#### INSTRUCTIONS FOR THE TASK:
Write out only the lines from the top of the listing below through the one with "Stranded tourists were", exactly as they stand, while keeping pictures out of the copy.

#### RECORDS SHOWN:

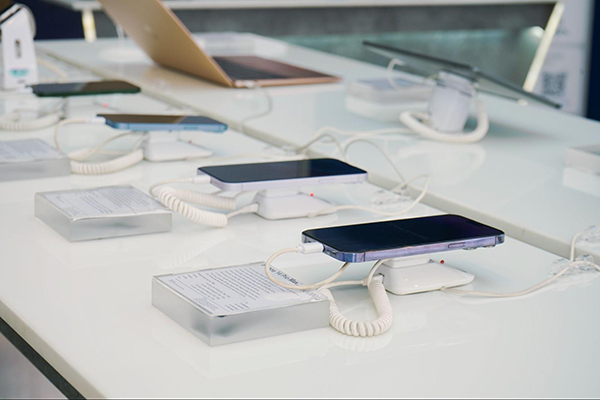 Thủ tục nhanh chóng cùng nhiều ưu đãi hấp dẫn khi mua trả góp iPhone 15 Pro Max ở đại lý ủy quyền của Apple tại Việt Nam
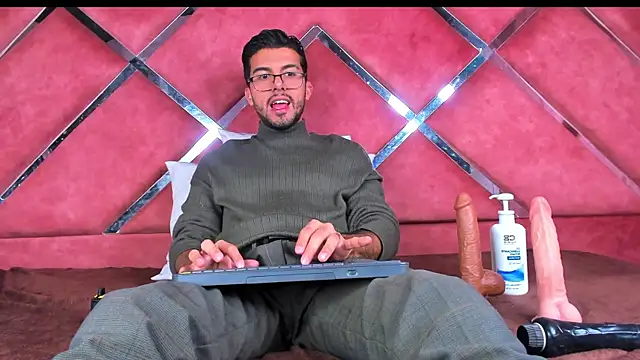 RodrigoColby2 online show from June 27, 2026, 2:38 am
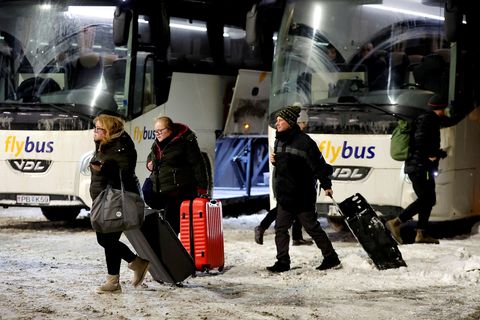 Stranded tourists were finally transported by bus to Reykjavík from KEF International Airport last night.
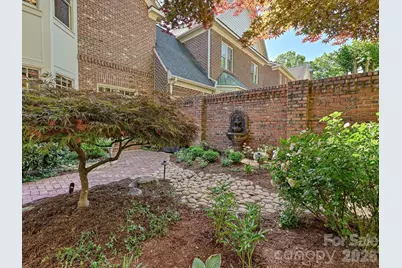 1117 Dilworth Crescent Row, Charlotte, NC 28203 - Photo 33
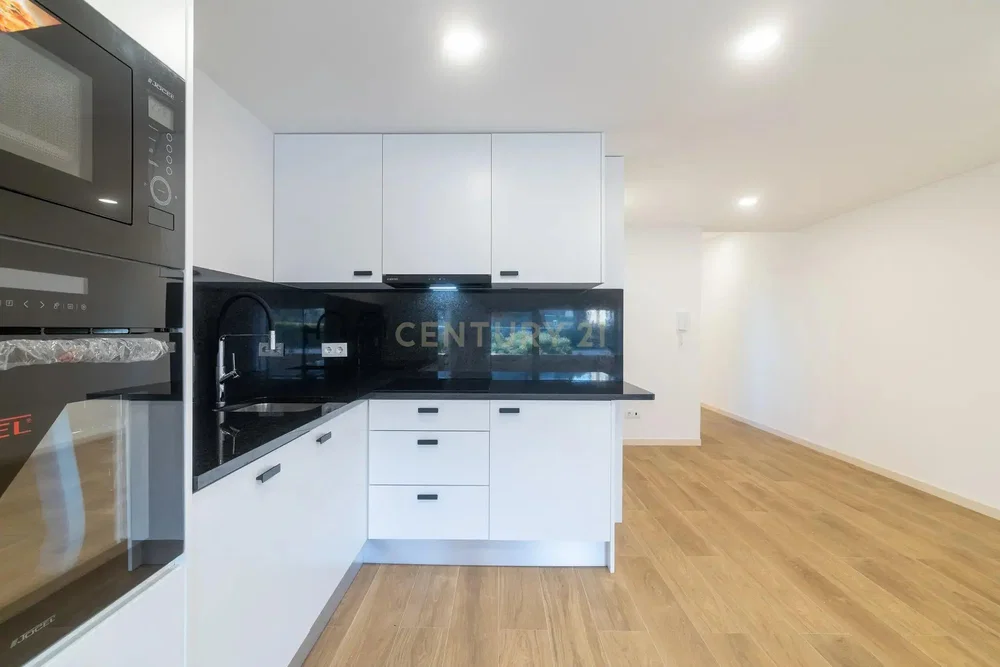 Cuisine; électroménager, parquet, rénové, lumière naturelle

#### TASK RESULT:
 Thủ tục nhanh chóng cùng nhiều ưu đãi hấp dẫn khi mua trả góp iPhone 15 Pro Max ở đại lý ủy quyền của Apple tại Việt Nam
 RodrigoColby2 online show from June 27, 2026, 2:38 am
 Stranded tourists were finally transported by bus to Reykjavík from KEF International Airport last night.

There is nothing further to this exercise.